Tot op heden werd binnen de Hervormde Kerk door de meerderheid de pluraliteit, dus het bestaan der richtingen, aanvaard als een historisch gegroeid verschijnsel. Men wist: het moet zo niet wezen, maar wij moeten ermee leven! Dat stadium lijkt men nu voorbij. Van de zonde maakt men een deugd. De pluraliteit wordt een wet om naar te leven. Dat kon de hervormd-gereformeerden weleens in geheel eigensoortige en ongekende moeilijkheden brengen.

De Reformatie

Na deze eerste opmerkingen thans een beoordeling van de idee der pluraliteit in het licht van de geschiedenis van de Reformatie, en daarbij inbegrepen, in het licht van de Belijdenis.

Volgens dr. Vlijm, zo hoorden wij reeds, was ook in de bloeitijd van de Reformatie de pluraliteit niet onbekend. Er zou volgens hem in de tijd van de Reformatie een grote pluraliteit hebben bestaan, terwijl pas later, onder andere door invloeden van buitenaf, naar uniformiteit zou zijn gestreefd. En dan wijst hij met name naar de Drie Formulieren van Enigheid, waartussen volgens hem, niet geringe verschillen zouden bestaan, bijvoorbeeld in de leer van de praedestinatie en in de visie op de verhouding van kerk en overheid.

Wat is ons antwoord hierop? In de eerste plaats: wat dr. Vlijm hier beweert is uiterst tendentieus. Zijn zoeken van een rechtvaardigingsgrond voor de moderne pluraliteits-idee verleidt hem ertoe de geschiedenis van de Reformatie geweld aan te doen, en in de drie Formulieren van Enigheid iets in te schuiven wat er beslist niet reeds in zit.

Wettige pluraliteit

De pluraliteit die er bestaan heeft in de tijd van de Reformatie, en die wij allerminst ontkennen, gelijkt zelfs in de verste verte niet op wat heden onder pluraliteit verstaan wordt en met dat woord verdedigd wordt.

Stellig is het waar, dat er verschillen bestonden bijvoorbeeld tussen de kerk van Geneve en die van Zurich, meest van kerkrechterlijke of liturgische aard, en het is ook waar, dat in deze steden eigen belijdenissen werden opgesteld werden en van kracht waren; zodat er een hele reeks van gereformeerde belijdenissen bestaat; en het is ook waar, dat er in deze verschillende belijdenissen ook wel enige verschillen zijn aan te wijzen. Dat alles rangschikken wij echter onder een wettige pluraliteit, die aan de eenheid des geloofs weinig of zelfs geheel geen afbreuk deed, maar daar komen wij later nog op terug.

De zaak is namelijk deze, dat niemand die studie maakt van deze gereformeerde belijdenissen verschillen kan aanwijzen op wezenlijke punten, die de hoofdzaken van de christelijke leer aangaan.
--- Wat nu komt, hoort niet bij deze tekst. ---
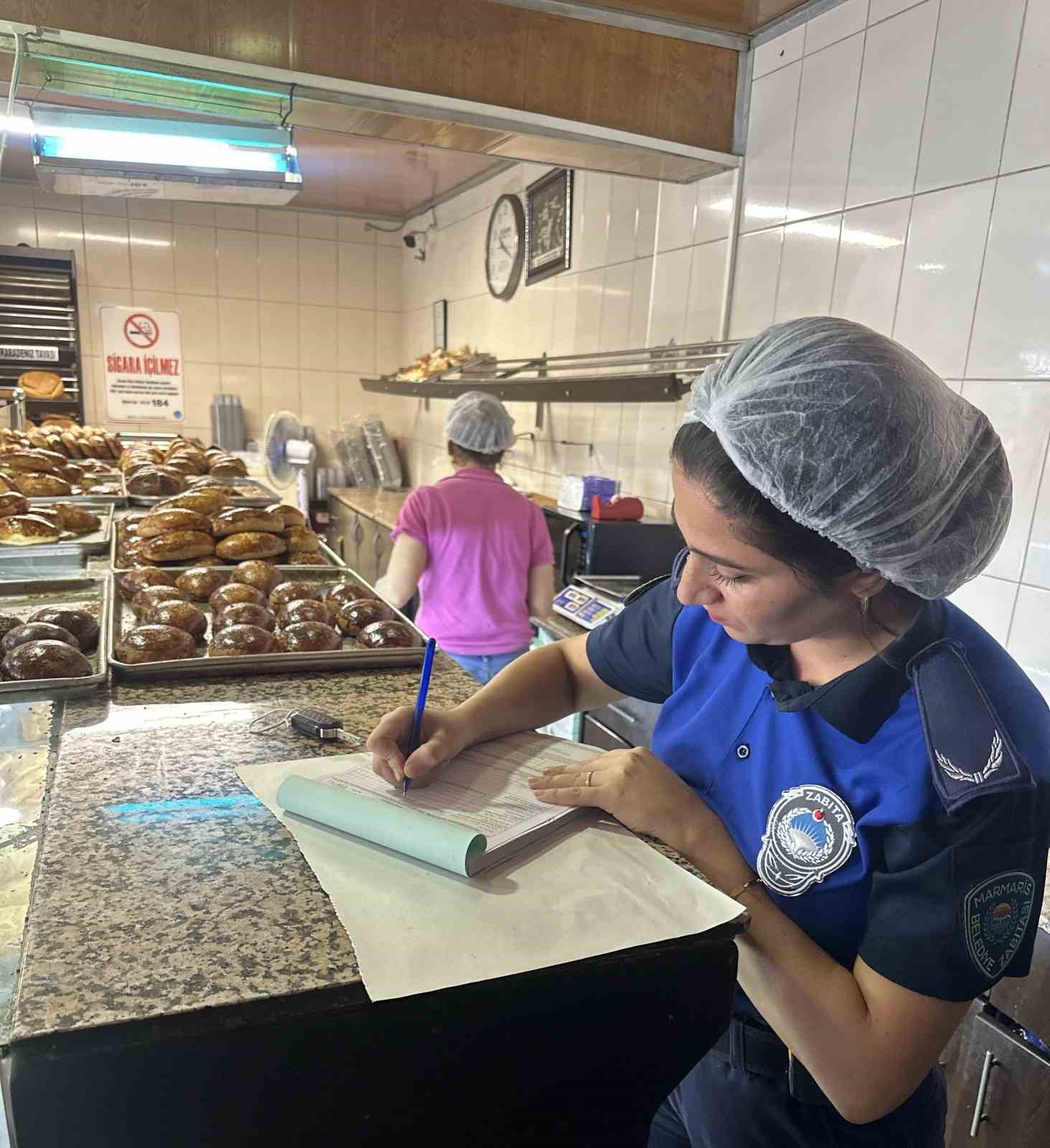 Zabıta ekiplerinden fırın denetimi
Altijd weer treft ons de eenheid. Die eenheid behoefde in die tijd niet te leiden tot uniformiteit om de eenvoudige reden dat men één was in het geloof. Men kon grif eikaars belijdenis-ondertekenen, wat ook meermalen gebeurd is.

Tot in hun structuur toe waren de meeste van deze belijdenissen aan elkaar gelijk. Zij ontleenden ook veel aan elkaar. Hoeveel heeft de Nederlandse Geloofsbelijdenis niet ontleend aan de Franse, en die dankte weer heel veel aan Calvijn.

Het is onmogelijk uit deze oude belijdenissen richtingsverschillen af te lezen, gelijk die er heden zijn. Wie de huidige pluraliteitsidee meent te kunnen verdedigen met een beroep op de kerk van de Reformatietijd verkracht de historie.

Accoord van kerkelijke gemeenschap

Vervolgens, deze belijdenisgeschriften hebben dan ook, van den beginne af aan, onder andere in onze eigen Nederlandse Kerk, gefunctioneerd als een accoord van kerkelijke gemeenschap. Het is mij bekend hoezeer sinds het optreden van Kuyper en de door hem veroorzaakte Doleantie, deze uitdrukking besmet is. Kuyper heeft het laten voorkomen alsof de Belijdenis gezien zou mogen worden als een soort van verenigingsstatuut, dat door autonoom geachte kerkeraden en gemeenten zou dienen te worden aanvaard om zo te komen tot een eigen kerkformatie. Doch in die zin zijn de belijdenissen in de Reformatietijd nooit benut. Wel echter sloot men zich aaneen, en gaf men daar uitdrukking aan, door met elkaar een bepaalde belijdenis te aanvaarden als een accoord voor het gezamenlijke kerkelijke leven. En daarbij was dan de belijdenis niet slechts een formele acte, maar een wezenlijke uitdrukking van het geloof dat men beleed.

Revisie?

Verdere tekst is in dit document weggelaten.